As kids we spent hot summer days playing on combines and pickers in the barn and planting watermelon seeds behind the storm shelter. Watermelon seeds that never sprouted. The huge concrete storm shelter in the center of the back yard was the catalyst for backyard games serving as our jungle gym, home base, picnic table. After a morning of playing in the dirt we ate lunch sitting on top of the shelter, sandwiches and melon and homemade vanilla ice cream, probably because Nana could easily hose us off there. Two minutes after Nana said – don’t drop a spoon down that storm shelter! – our cousin Lesa dropped her sterling silver spoon down into the hole on top… That spoon would be worth $200 today. The shelter was dark and abandoned and filled with trash and snakes, so no one dared go inside to hide from a tornado or to get the spoon, no matter its worth. The storm shelter is gone now. Most everything is gone. But the memories are still there.

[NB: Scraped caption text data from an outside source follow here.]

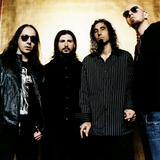 Pola sata - System of a down
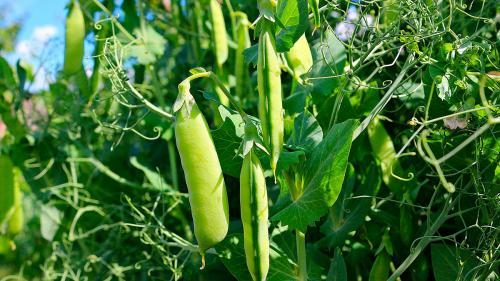 Какие овощи быстро растут. Что посадить в огороде: 8 самых быстрорастущих овощей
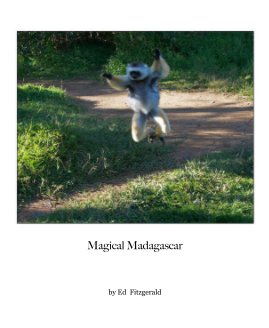 Magical Madagascar book cover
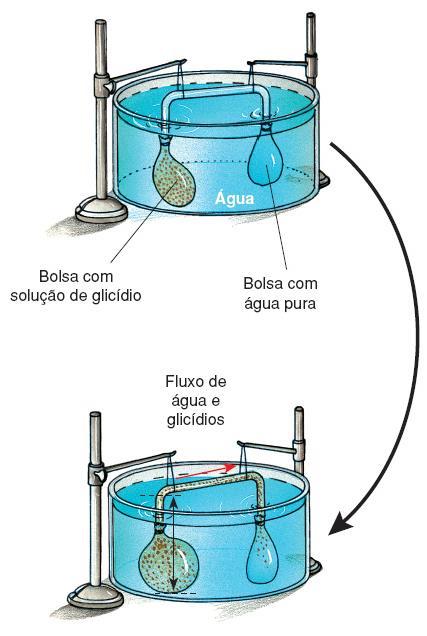 Transpiração Fonte (folhas) A água passa do xilema para o floema, onde existe maior concentração de matéria orgânica (osmose).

I often wonder if anyone found that spoon.
A farm worker now lives in the house. His young wife was outside, so I immediately finagled an invitation inside. She was accommodating and I was THRILLED. Although I’ve driven by many times over the years, it was my first time back inside in 39 years. A place changes in 39 years. A girl changes in 39 years.
The den (now) |
Walking into the front room, I couldn’t breathe. The walls were still covered with knotty pine paneling once displaying Papa’s mounted deer heads and a wild boar shot in mid-charge. I immediately teared up. I’m sure the young lady who now lives in the house thought I was a complete basket case. I still saw Papa Creecy sitting in his worn leather recliner surrounded by stacks of papers and farm magazines, his big desk in the corner and the television on the opposite wall where we always watched the Miss America pageants with Nana. We always cheered for Miss Arkansas but fell asleep before the pageant was over. Papa carried us to bed, my long legs dragging the floor. He smelled of Brut.
Papa Creecy (Reven Creecy) |
I explained to the lady how the original bathroom ran along the back where her closet is now and how the current bathroom was once Uncle Rex’s bedroom. She had no idea who I was talking about, but I didn’t care. If she was going to live in this house, she needed to know its history. She needed to understand the importance of this place.
I stood inside our bedroom there, once my mother’s. Staci and I always played in the closet, hidden deep in the back, building forts. We had big imaginations… Our bedroom backed up to the dining room so we woke early on Sunday mornings to Nana’s kitchen sounds, the rattle of pots and pans and the smell of bacon frying.
The little kitchen looked the same except her big stove was gone. And Nana was gone, but not really. As I looked out the kitchen window to the field beyond, I remembered she had a little poem on the wall beside the sill that I memorized as a child reading it over and over each time I visited. I don’t know who wrote it or what happened to it, but I remember it.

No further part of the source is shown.